Hwy 40 and Denver


Taking Highway 40 was an excellent choice. The lame thing about driving cross country in a car, with a dog, is that it’s much harder to meet people than with public transportation. Plus, I can’t stay in hostels (no dogs) or do anything that means leaving the car for more than a couple of hours.

But, taking less-traveled roads means (1) seeing restaurants, etc. that aren’t attached to oversized gas stations, (2) actually being able to slow down and see things that interest you, and (3) having an excuse to talk to the locals about which roads to take, what’s passable this time of year, and which ones are most scenic. For some reason, people (especially dudes) just love to talk about roads.

Highway 40 cut 100 miles off my drive from SLC to Denver (550 –> 450 miles), but added a couple of hours. It was wwaayyy cooler than driving through Wyoming (reportedly a “wasteland”).


I camped near Hot Sulphur Springs (2 hours outside of Denver). It was ass cold, just 21 degrees. Unbelievably, Maddy actually slept with me in my backpacking hammock. The more you know about backpacking hammocks, the more you realize how ridiculous that is. Eventually, we were too cold and cramped, so we moved into the car which was a much better idea.

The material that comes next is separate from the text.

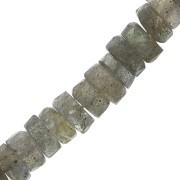 Perles Heishi rondelles facettées - en pierre gemme 5x2 mm - Labradorite x20|raw }}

The next day I made it to Denver. The view coming out of the mountains was amazing; it’s not terribly clear in this picture, but it’s an incredibly abrupt change from 12,000-ft peaks to perfectly flat plains.


Near the bottom of the mountain slope is Redrock Ampitheater, which is kindof naturally built into the mountain and is surrounded by a beautiful, unreal-looking formations of red rock.


I met up with my grad school friend Dan Gonzales. We played a beautiful, reasonably priced round of golf.

Afterwards I was starving and we went to Casa Bonita, of South Park fame:


It was totally awesome, better than I ever expected it. The food gave me such a stomach ache that I could hardly sleep, but that’s definitely part of the experience.